O De Poa, parceria do Sul21 com a Cubo Play, é um programa de entrevistas sobre temas que envolvem ou se relacionam com a cidade de Porto Alegre. Todas as quintas-feiras, conversamos com personagens ilustres ou que desenvolvem trabalhos importantes para a cidade. Semanalmente disponível nas plataformas da Cubo Play e do Sul21.

Confira a seguir alguns trechos da conversa com Bruna Rodrigues.

Luís Gomes: Como é a tua relação com a cidade de Porto Alegre?

Bruna Rodrigues: Essa relação é profunda. Eu vivi minha vida toda em Porto Alegre, nunca morei em outro lugar. Dos 35 que eu tenho, 29 foram ali na Vila Cruzeiro, antes da remoção, antes daquele processo da Avenida Tronco, que removeu milhares de famílias. Mas a minha relação com Porto Alegre é muito profunda. Eu nasci e me criei na Vila Cruzeiro, estudei naquela escola que vocês inclusive fizeram parte daquele movimento contra o fechamento, a Escola Alberto Bins. Eu estudei todo o meu ensino fundamental naquela escola, vivi os melhores momentos da minha infância. Eu tive uma infância bem violenta, bem difícil, convivendo com a fome, a fome sempre foi muito presente na minha casa, então a escola sempre foi um ambiente mais feliz. Naturalmente, um ambiente em que a alimentação era presente também, mas o ambiente escolar. Mas também sempre fui militante, desde os meus 16 anos, lutando pela vaga na creche para a minha filha, porque eu entendo a importância da luta pela vaga na creche para mulheres como eu.

Luís Gomes: Foi isso que te colocou na militância?

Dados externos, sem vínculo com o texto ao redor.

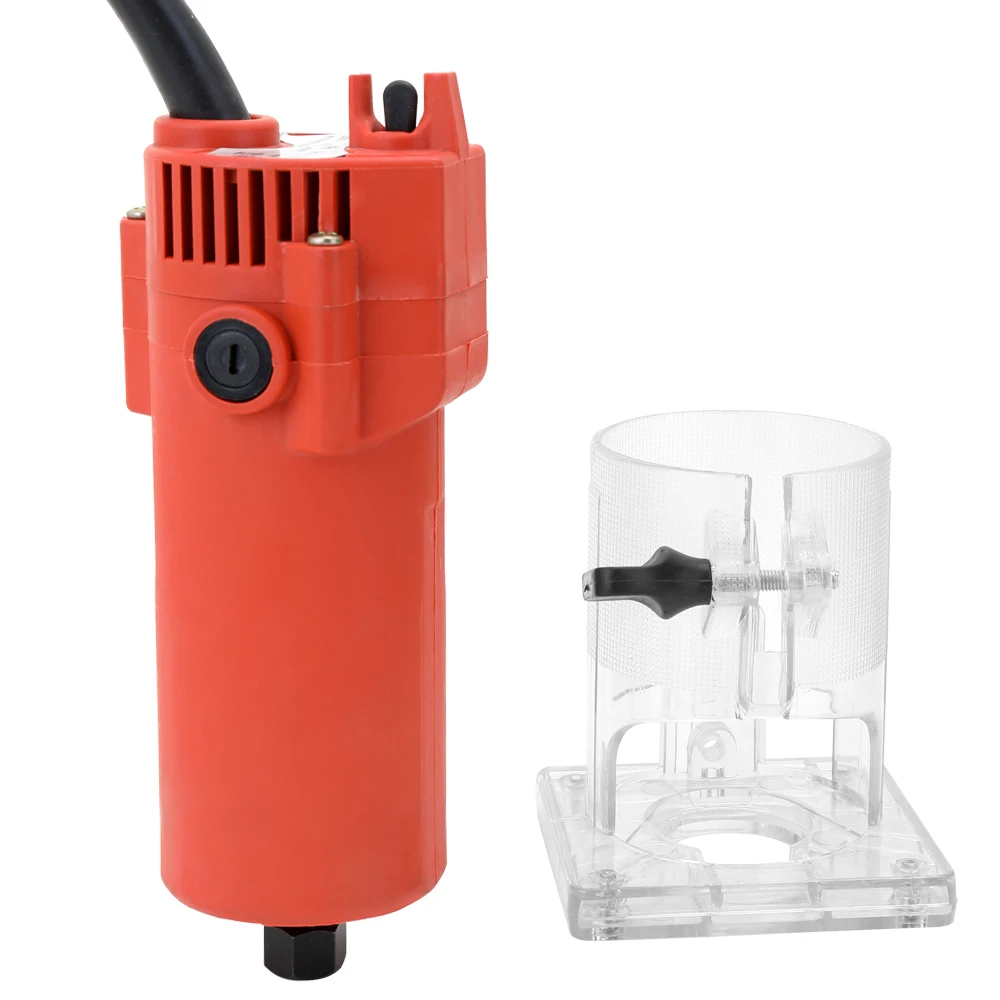 Электрический ручной триммер фрезерный станок для резьбы по дереву флип-борт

Bruna Rodrigues: Foi. O meu pai era militante do PT, 30 anos de militância, enfim, mas eu nunca me senti atraída pela política. Acompanhava, sabia que tinha aí partidos políticos, não tinha noção política nenhuma mais profunda. Mas era um final de semana, no período eleitoral, e eu conheci a Manuela. Manuela passou na minha rua, eu tava sentada no cordão da calçada amamentando a minha filha. Esses dias inclusive fiz uma foto sentada na calçada de Porto Alegre, eu sou apaixonada por sentar na calçada, não sei o porquê. Acho que porque o ambiente da comunidade, os diálogos sempre foram dessa forma, então sempre tem uma memória afetiva boa. A Manuela passava falando da importância da juventude de participar ativamente da política. E, principalmente, quando a gente fala da juventude que materna. As mulheres maternam na comunidade muito cedo e é preciso refletir sobre essa situação, sobre esse fenômeno. Porque se fala do problema da gravidez na adolescência, mas não se reflete sobre o que leva as meninas a maternar na adolescência. E eu sempre falo, né, as meninas quando são mães elas são menos violentadas, são menos abusadas, passam menos fome, são mais respeitadas na comunidade, tem todo um processo de organização comunitária em torno da maternidade. Não é um problema para quem está dentro da comunidade, é um problema para quem tá fora e não consegue entender como se organiza a comunidade. Então, conheci a política lutando pela vaga na creche.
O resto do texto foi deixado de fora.